“Sing low to your cattle, sing low to your steers—”
The words and the scene opened wide the door of memory and let whole troops of ghosts come drifting in out of the past. The hall, Luck roused himself to notice, was very, very still; so still that the sizzling sound of the machine at the rear was distinct and oppressive.
There was the blizzard, terrible in its biting realism. There was the old cow and calf, separated from the herd, fighting in the primal instinct to preserve themselves alive,—fighting and losing. There was that other, more terrible fight for existence, the fight of the Native Son against the snow and the cold. Men drew their breath sharply when he fell and did not rise again. They shivered when the snow began to drift against his quiet body, to lodge and shift and settle, and grow higher and higher until the bank was even with his shoulders, to drift over him and make of him a white mound—And then, when Andy staggered up through the swirl, leading his horse and shouting; when he stumbled against Miguel and tried to raise him and rouse him, a sound like a groan went through the crowd.
“Close a call as I ever had was in a blizzard like that,” the old man at Luck’s left whispered agitatedly to Luck behind his palm, when the lights snapped on while the operator was changing for the last reel.
There was Andy, haunted and haggard, at home again with his father. There were those dissolve scenes of the “phantom herd” drifting always across the skyline whenever Andy looked out into the night or rose startled from uneasy sleep. Weird, it was,—weird and real and very terrible. And, at last, there was that wonderful camp-fire scene of the Indian girl who prayed to her gods before she went to meet her lover who was dead and could not keep the tryst. There were heart-breaking scenes where the Indian girl wandered in wild places, looking, hoping, despairing—Luck had planned every little detail of those scenes, and yet they thrilled him as though he had come to them unawares.
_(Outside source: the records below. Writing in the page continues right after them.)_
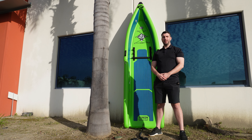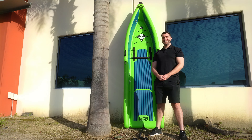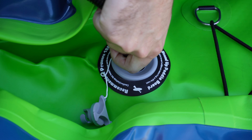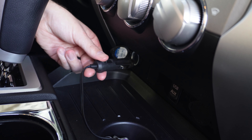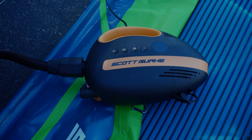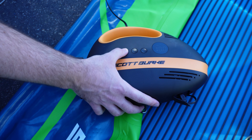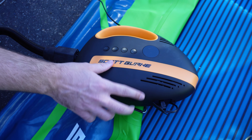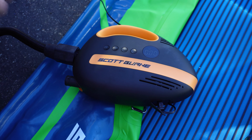Hi everyone, it's Ryan and today I'm going to show you how to inflate your Scottberg Surf Yukon Hybrid. Once you plug your Scottberg pump into the base of the board and into your car, you want to set it to 10 PSI using the plus and minus buttons. Then just push the power button twice and the air will start pumping.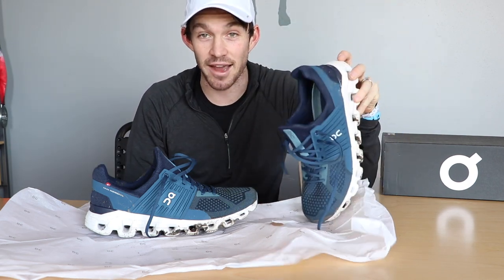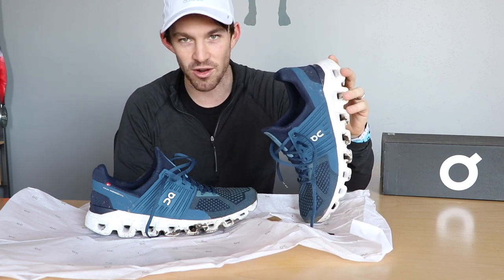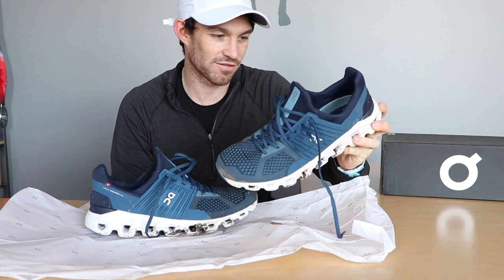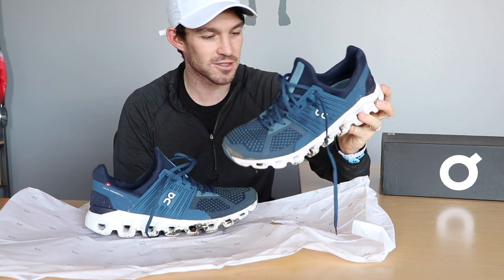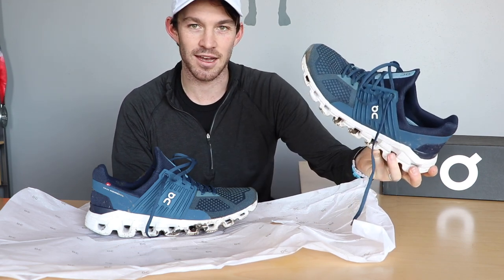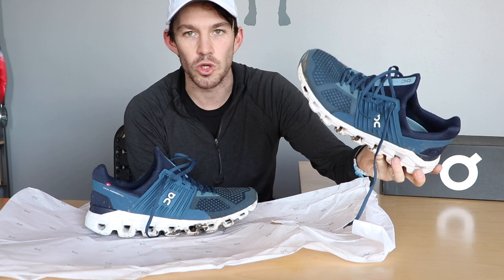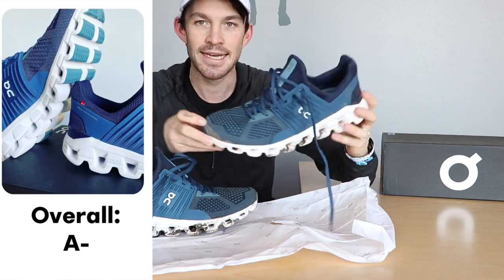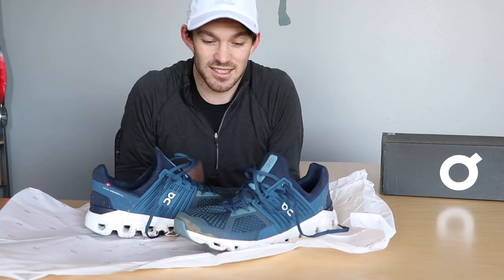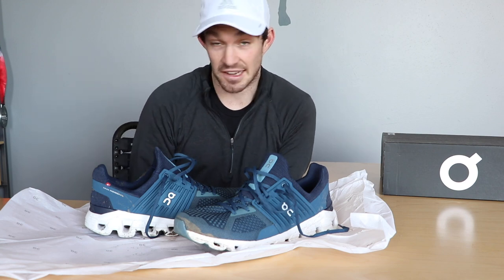Overall, I give these shoes an A minus. They're not the most amazing incredible shoes I've had and they have some drawbacks, but overall a solid purchase and something I'll get a lot of use out of. These are really cool shoes. I'd hope at some point to get a pair of the Cloud Flows or another On cloud shoe built for a little more speed work — lighter, faster, more snappy. If we can fix some of those drawbacks with a different shoe, I think I'd really enjoy those too.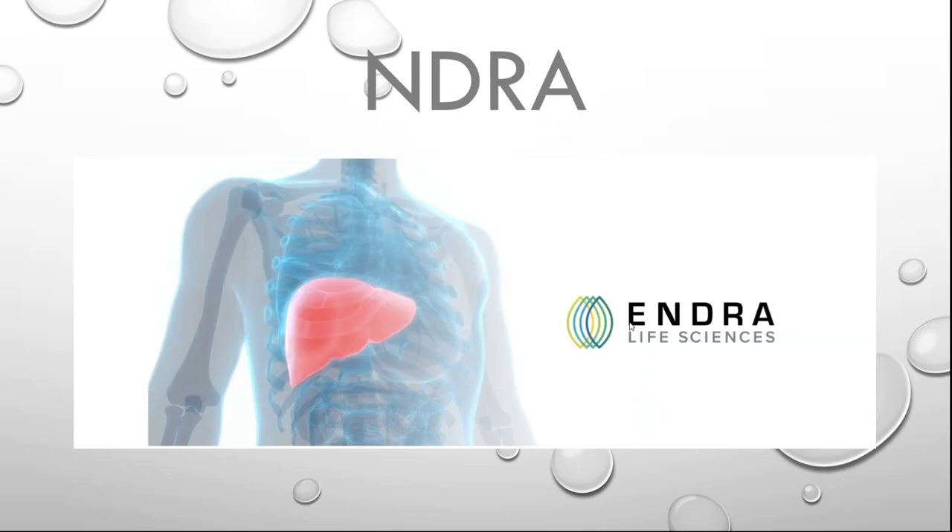Hey people, how is everyone doing? Today I want to talk about Andra Life Sciences, ticker symbol NDRA.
He did not wait after the last scene faded out slowly. He slipped quietly into the aisle and went away, while the hands of the old-timers were stinging with applause. Halfway down the block he heard it still, and his steps quickened unconsciously. They were calling his name, back there in the hall. They were all talking at once and clapping their hands and, as an interlude, shouting the name of Luck Lindsay. But Luck did not heed. He wanted to get away by himself. He did not feel as though he could say anything at all to any one, just then. He had seen his Big Picture, and he had seen that it was as big and as perfect, almost, as he had dreamed it. To Luck, at that moment, words would have cheapened it,—even the words of the old cattlemen.
He went to his hotel and straight up to his room, regardless of the fact that it would have been to his advantage to mingle with his guests and to listen to their praise. He went to bed and lay there in the dark, reliving the scenes of his story. Then, after awhile, he drifted off into sleep, his first dreamless, untroubled slumber in many a night.